> _EXERCISE REQUIREMENTS_
Line by line, repeat the data below exactly, beginning at the first line and ending at the line with "4 bedroom Villa". Omit pictures.

[AVAILABLE RECORDS — start]

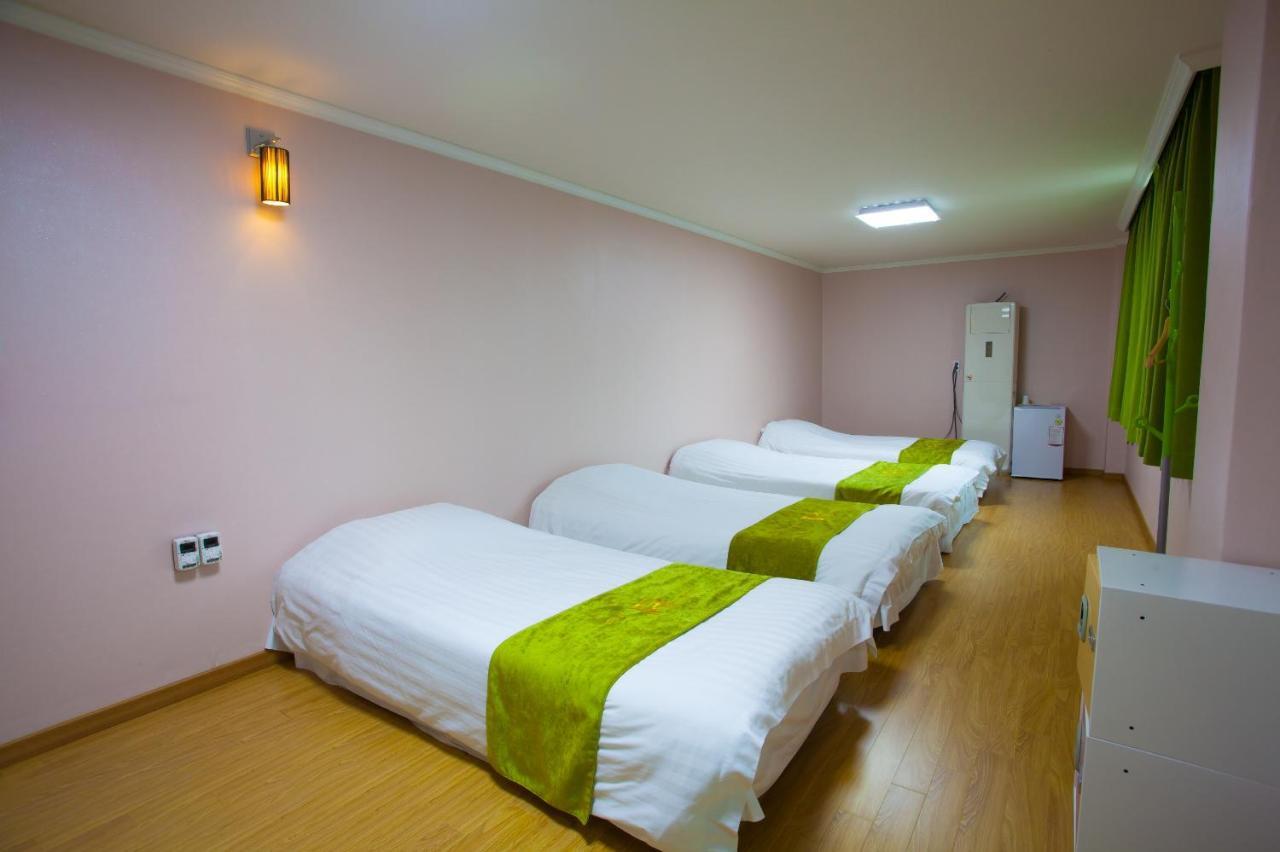 Jeju R Hotel & Guesthouse Bilik gambar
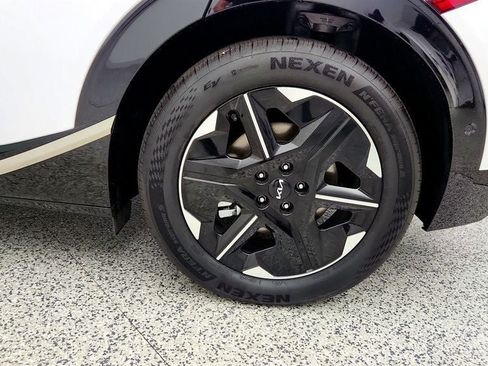 Used 2025 Kia EV6 Wind AWD/4WD image 9
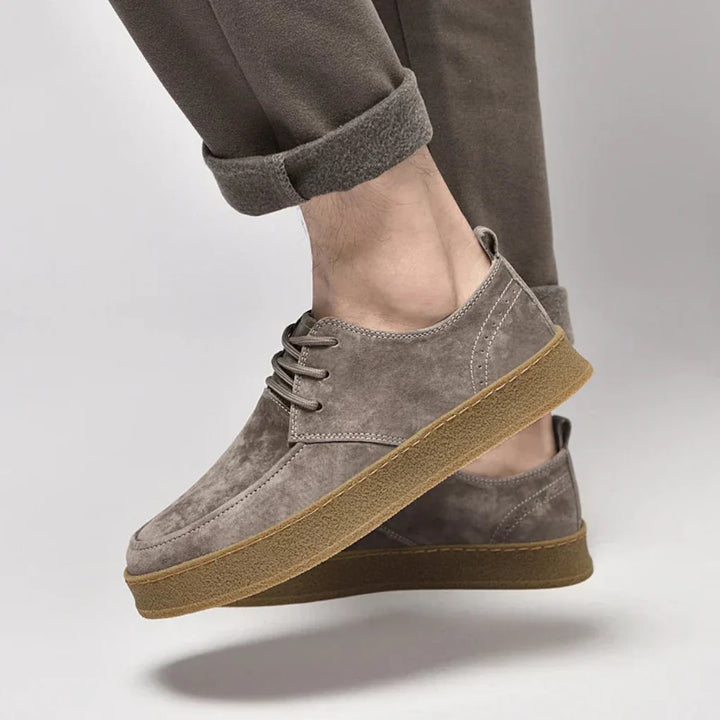 Herresneakers i ruskind – flotte og alsidige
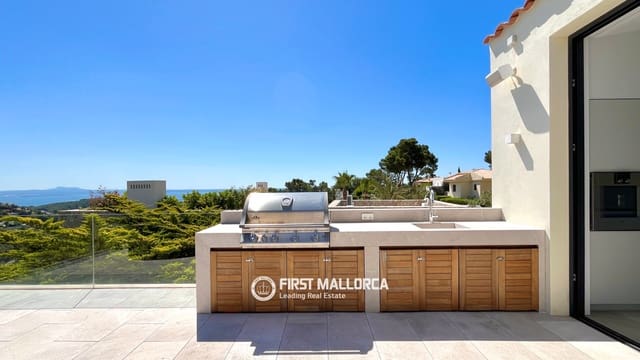 4 bedroom Villa for rent in Costa d'en Blanes, Calvià with pool garage - € 50,000 (Ref: 9902433)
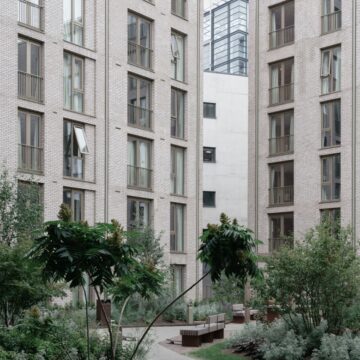 New Fountainbridge, Edinburgh, Union Canal Courtyard accessible path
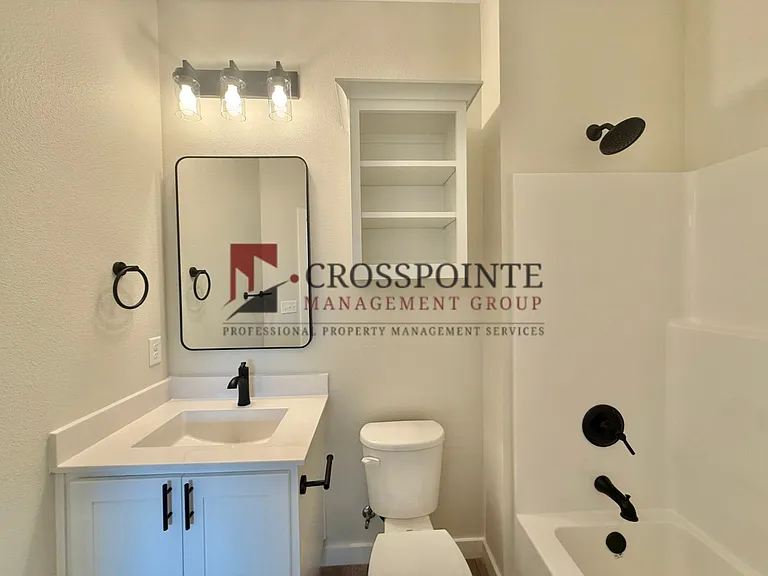 17430 Crossing Cir — Photo 16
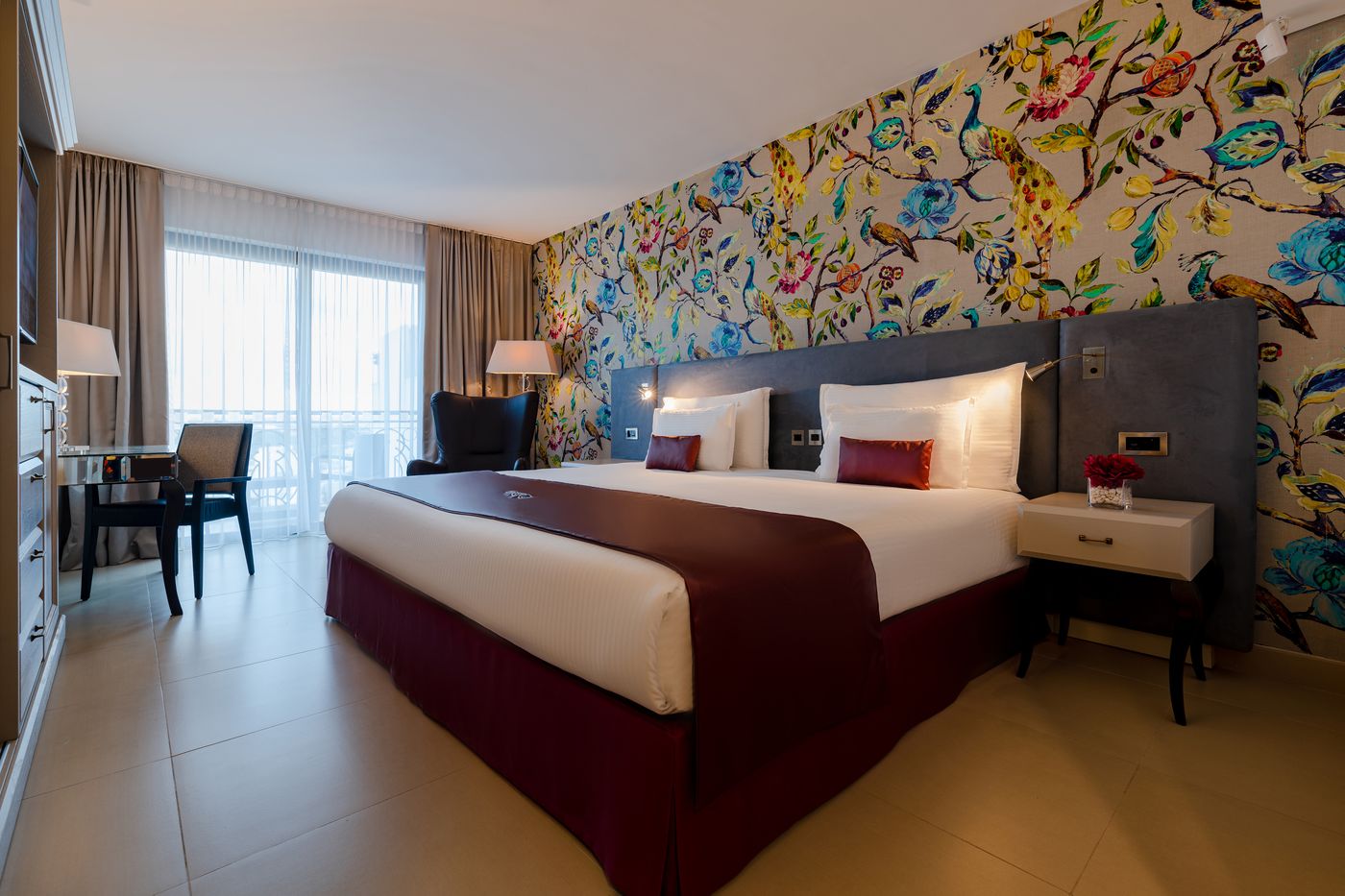 20 AX The Palace - Rooms - Superior Room 1.jpg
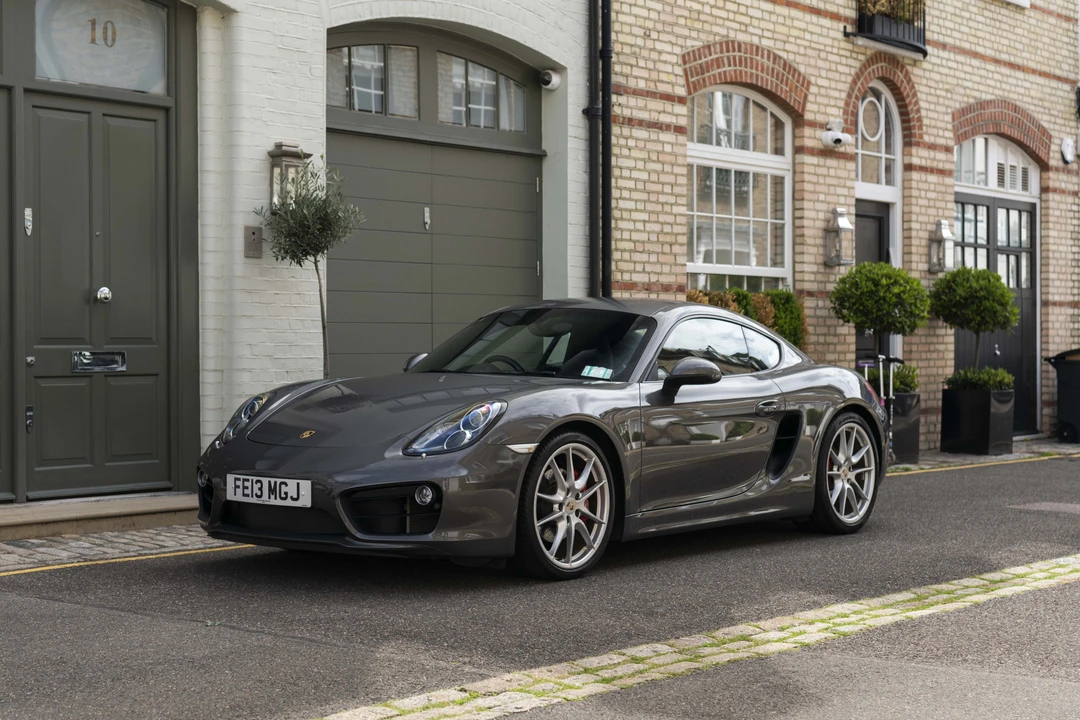 2013 Porsche 981 Cayman S - Image 16 of 31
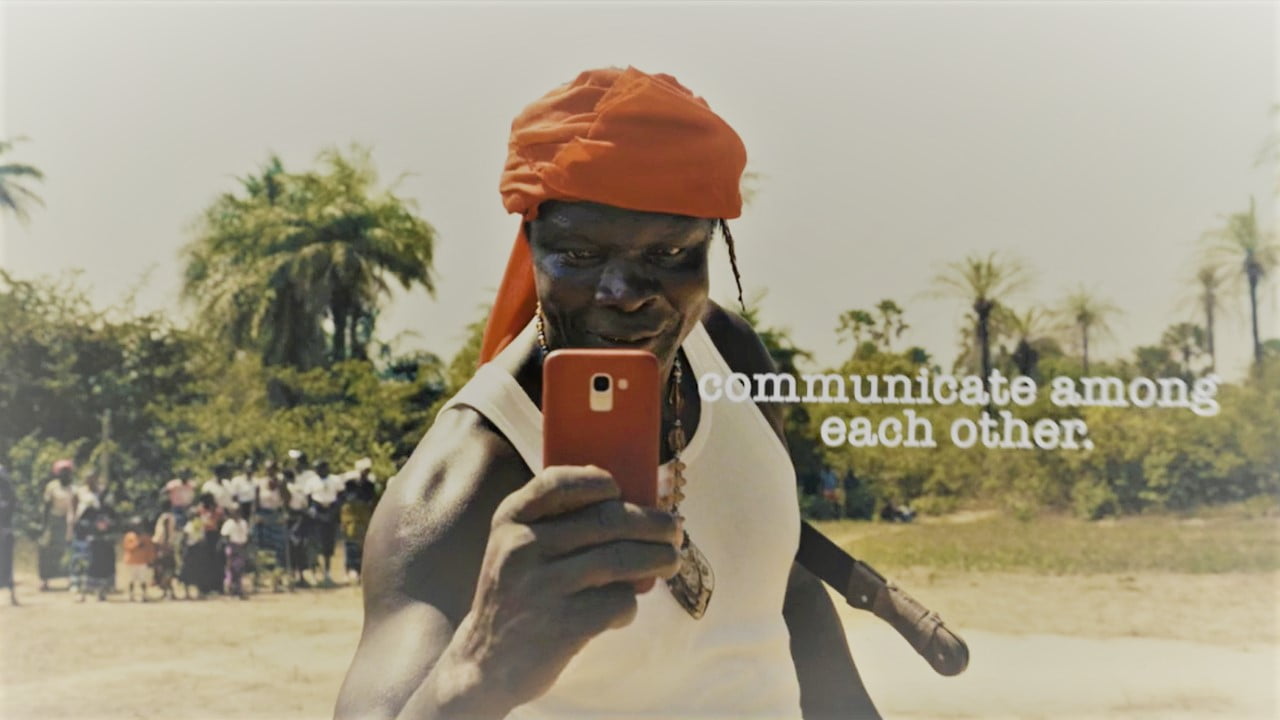 Picture of a Fighter with Mobile from Senegal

[AVAILABLE RECORDS — finish]

> _ANSWER AREA_
 Jeju R Hotel & Guesthouse Bilik gambar
 Used 2025 Kia EV6 Wind AWD/4WD image 9
 Herresneakers i ruskind – flotte og alsidige
 4 bedroom Villa for rent in Costa d'en Blanes, Calvià with pool garage - € 50,000 (Ref: 9902433)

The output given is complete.